Deliberative Dilemma


Major Presidential speeches, or announcements, provide plenty of material for rhetorical analysis. President Obama's announcement that "combat operations in Iraq" have ended is no exception. As such, we might focus on many areas - the symbolism of the location, certain word choices - for instance, while "combat operations" have ended, military engagements - street fights and gun battles - have not. So we might focus on issues of definition. There are, of course, many others.


But one that seems to have escaped most commentators is what I'll call the "deliberative dilemma." According to Aristotle, there are three core issues - blame, values, or choice. They're known as forensic (who did it), epideictic - demonstrative (what good is it), and deliberative (what should we do). Later rhetoricians developed this into stasis theory, adding two other places of argument, cause and definition.

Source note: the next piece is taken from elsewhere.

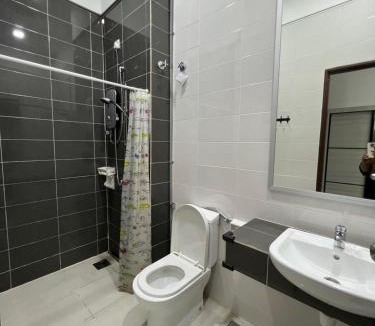 Bukit Kuin Satu House | Tulips Homestay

Good rhetoric, or powerful rhetoric, may combine all three issues, but one predominates. JFK's speech declaring the U.S. will put a man on the moon is deliberative. Eisenhower's farewell address is best known for its forensic assessment of the military-industrial complex. But we may argue that the deliberative forms the heart of any presidential address. I say this because the president represents the country as a whole. While the president cannot be divorced from his party or its politics, he still stands and speaks for the country as a whole. (Whether this makes him a metonymy, a synechdoche, or both, is a subject for another essay.)


The purpose of a presidential speech, then, is to bring the country together, to define our values, to express ideas that unite us and voice sentiments that motivate us. In short, the president is both cheerleader and sermonizer in chief. Before and after the speech his words are analyzed and criticized, but much of that criticism turns on how well he demonstrated the group's values - whether a sub-group of the country, or the country as a group of the whole.


This brings us to President Obama's deliberative dilemma of August 31, 2010. Let's start by focusing on the criticism: those on the left complained that Obama did not discuss the causes of the Iraq War, that he did not blame Bush and Cheney for the misinformation and lies that led us into the war, nor did he deal with the consequences in any detail. (Rachel Maddow provides a wonderful summary of the changing rationale.) Those on the right were upset that Obama did not give Bush enough credit for what they see as a positive outcome or noble motives; many mentioned specifically the "Surge," as if that was a battle that guaranteed victory.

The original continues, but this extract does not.